Safety analysis for the Divertor Tokamak Test (DTT)

Abstract

The Divertor Tokamak Test (DTT) facility will emit ionizing radiation during its operation, both due to d-D (deuterium-deuterium) reactions and to accelerating electrons and other particles within the plasma. Therefore, the plant shall be designed and operate according to the Italian legislation and regulations applicable to facilities using ionizing radiations.The licensing process involves the execution of safety analyses dedicated to demonstrating compliance with the legal limits in the various operational phases and in the incidental/accidental conditions that could occur.Accordingly, safety analyses begin at an early stage of the project development. A functional failure mode and effect analysis (FFMEA) was performed when the DTT design was at conceptual level. The output of this first assessment was the identification of a set of safety concerns and a set of hazards (e.g. possible source terms). Preliminary reference accident sequences have also been outlined for the transient deterministic analyses to be performed in order to demonstrate that safety requirements are met and that structural containment is not challenged.Evaluations of source terms such as tritium, activated dust in the plasma chamber and activated corrosion products (ACPs) in cooling circuits have started and are still ongoing.
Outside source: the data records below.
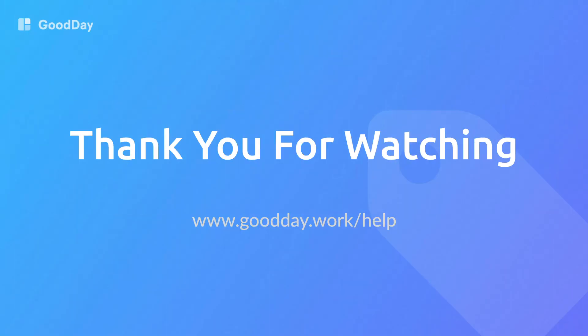We hope you found this tutorial useful. For more information, please visit our support center or contact us.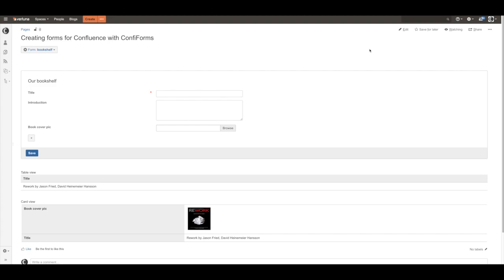And that's it. This is how you create simple forms with ConfiForms.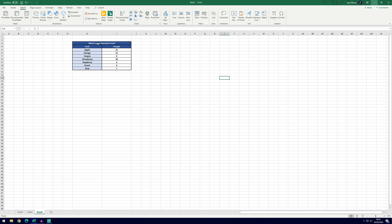So this example we've got, what is your favorite fruit? And we've got all of these fruits here on the left and the number of people that chose them on the right, so this is more of a tally type example.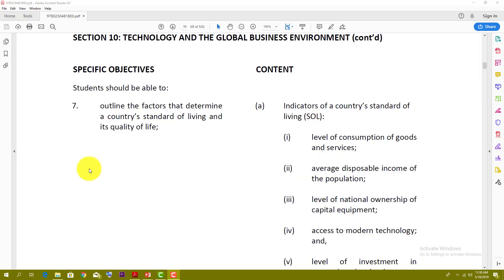I'm going to try and take a different approach with this video. As the exam for POB is rapidly approaching, I think I'm going to look for some of the more difficult topics that students might have difficulties with and cover those. One of the topics that tend to give students problems, according to a lot of the CXC reports, would be the information contained in the last section of the syllabus — Technology and the Global Business Environment.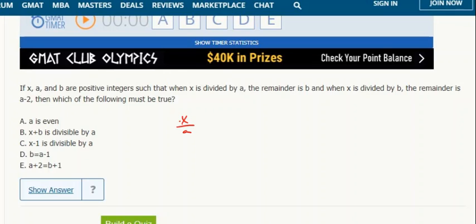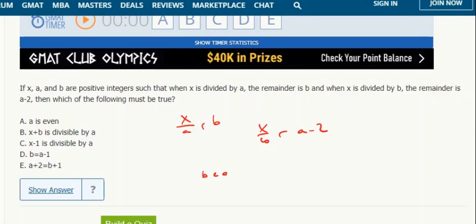X divided by A has remainder B, and X divided by B has remainder A minus 2. So B has to be less than the divisor A, and A minus 2 has to be less than B — we know that from the fact that the remainder has to be less than the divisor.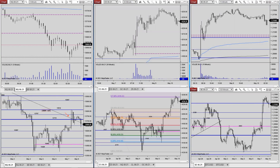Good morning everyone and welcome to the European crossover webinar. We are seeing the euro just a tad bit weaker, seeing a little bit of dollar strength — not much. We actually saw the euro move towards what would be a resistance that we were looking at.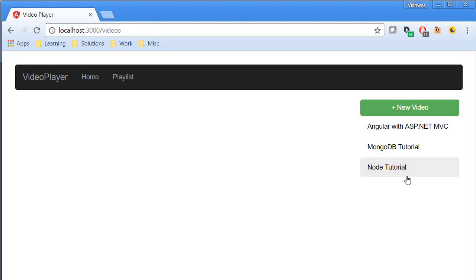We will be using Angular services to implement the create, read, update, and delete operations. Now that you know what we're going to build, let me show you the prerequisites for this course.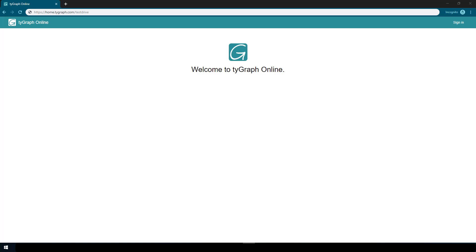Welcome to TiGraph Test Drive, our free sandbox environment where you can experience the full functionality of TiGraph simply by logging in.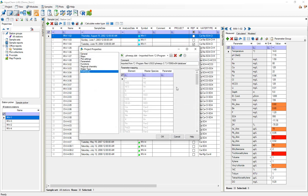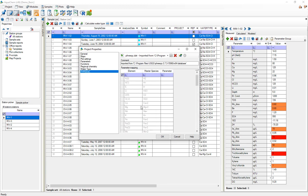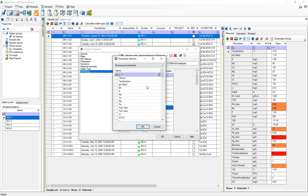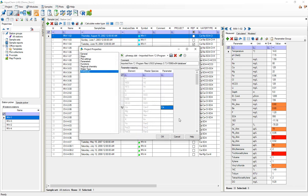Once I've imported this you can see that AquaChem has read out different elements and master species from this PHREEQC database file, but it needs to associate these species to project parameters. So for example this calcium here I could manually assign it to calcium in the database, so I could just select calcium here.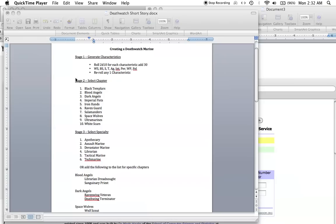What is up, players? It's Warboss Tay up in this mug. I decided to do something a little bit different and dive into the character creation for one of Fantasy Flight's 40K role-playing games, in this case, Deathwatch. I wanted to create a Deathwatch Marine, kind of do it live.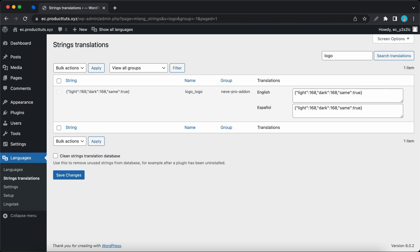So if we look on the left, we'll see the string. I'll explain what it means. Light corresponds to the light theme color palette. 168 is the ID for the logo image. Dark is for the dark theme color palette.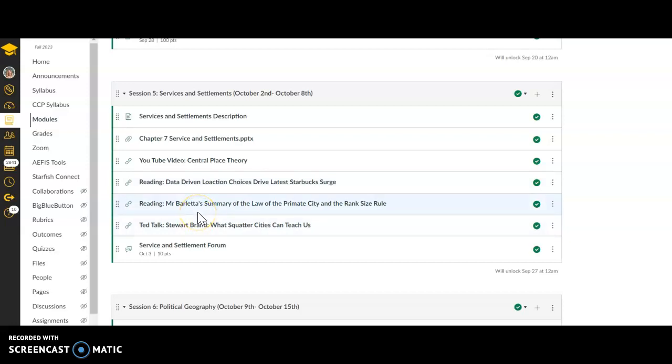There's also the rank size and primate city rule. We're going to talk about this today too. It seems complex, but it's pretty simple when you break it down.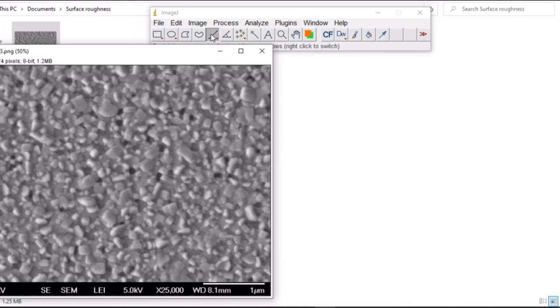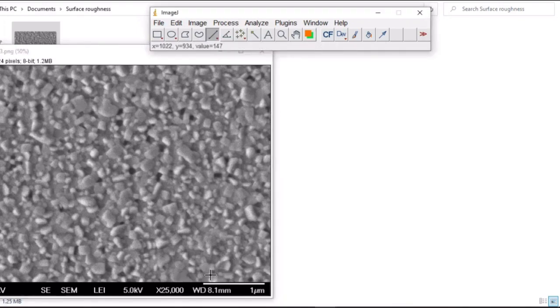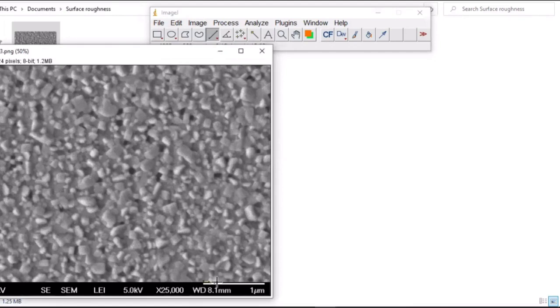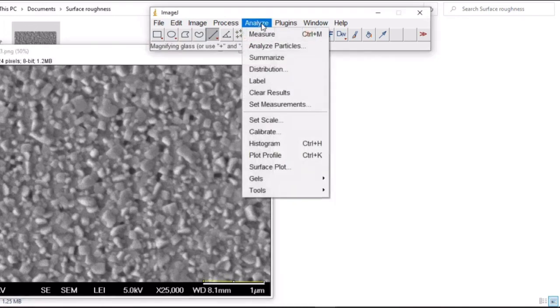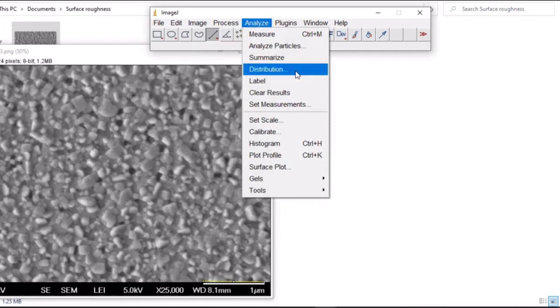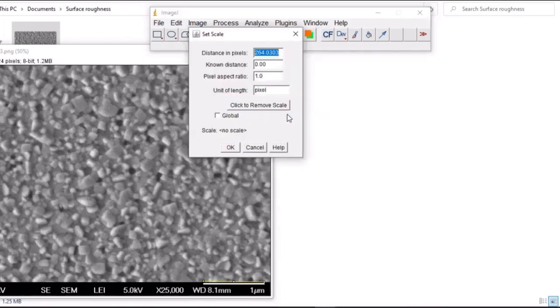So pick the freehand line, measure exactly what you have here, and then go to analyze. Notice here that it will change. Set the scale. This is automatically generated.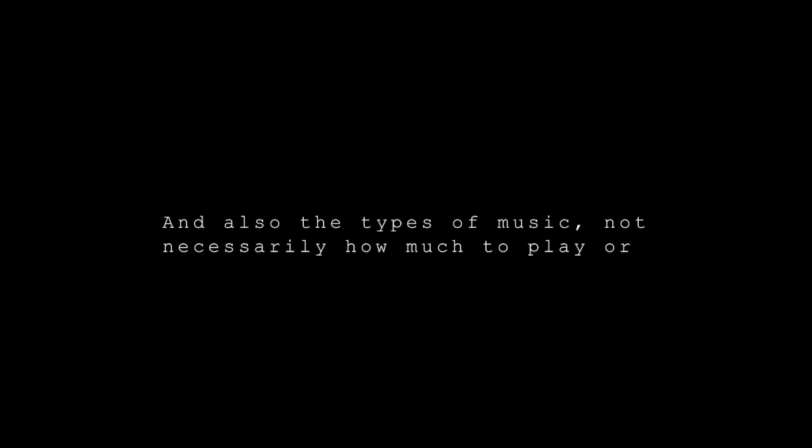Not necessarily how much to play or not play, but also the type of music you'll play. That doesn't mean to necessarily turn away from the classical pieces, but just in terms of do you need upbeat music or do you need a slower paced one?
In parallel, as the design has progressed significantly, component-level failure mode and effects analyses (FMEA) have been initiated, as well as deterministic assessments.FMEAs allow the confirmation/identification of the complete set of hazards, the possible initiating events and the selection of reference accident sequences. Deterministic assessments will evaluate the possible consequences related to the reference accidents and demonstrate compliance with safety limits.In this work, the following studies are presented:•functional analysis, which defines the process and safety functions provided by the systems, structures and components (SSC) in the DTT;•the functional FMEA in terms of methodology used and results obtained when the design was only in a pre-conceptual phase;•the analysis of ACPs related to the primary heat transfer system (PHTS) of the vacuum vessel (VV);•the FMEA at component level both in terms of results obtained and design improvements necessary to reduce safety risks.